That matters in both countries. Tanzania still faces multiple forms of malnutrition, including stunting, poor dietary diversity and micronutrient deficiencies, particularly in rural and low-income households. India, despite decades of economic growth and strong grain production, still carries one of the world’s heaviest burdens of child undernutrition and anaemia.

“We cannot talk about climate resilience without talking about what children eat,” said Thomas Bwana, a researcher at the Tanzania Agricultural Research Institute. “These crops are already adapted to our conditions. The challenge is to make them liked on the plate.”

India has long been a major buyer of Tanzanian pigeon pea. But the relationship has also exposed the risks of dependence. When India tightened imports in 2017 following strong domestic production, Tanzanian farmers were left with surplus stocks and falling prices. The episode showed how vulnerable export-led crop systems can be without a stronger domestic market. “When schools buy these crops regularly, they create confidence for farmers,” said Bwana.

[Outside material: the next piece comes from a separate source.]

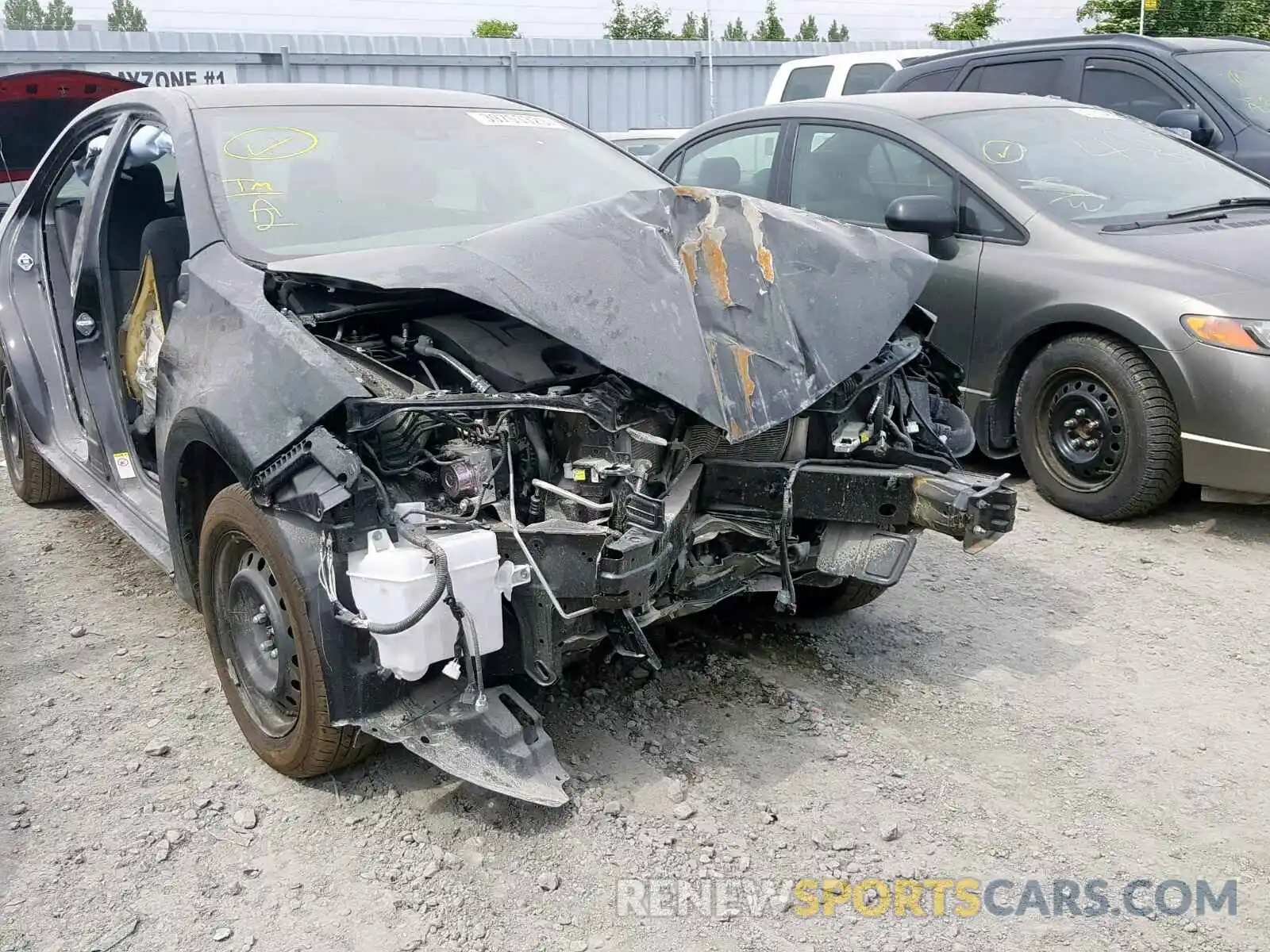 9 Photograph of a damaged car 2T1BURHE3KC241643 TOYOTA COROLLA 2019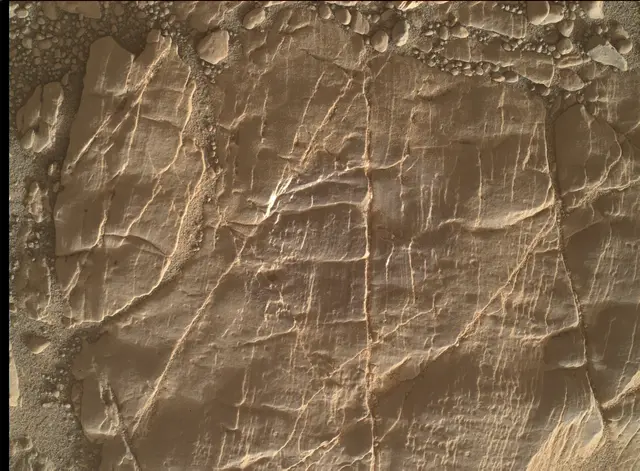 Sol 2472: Mars Hand Lens Imager (MAHLI)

The Tanzanian study’s most powerful finding may have been the durability of that change. Fifteen months after the intervention ended, schools were still serving the dishes and students still wanted them. That matters because development projects often produce enthusiasm that fades once the pilot phase ends. In this case, the shift appeared to last because it changed both routine and perception.

India’s school meals system, because it is permanent rather than project-based, is well placed to produce similarly durable changes. But doing so would require treating school meals as spaces of social learning, not merely instruments of nutrition delivery.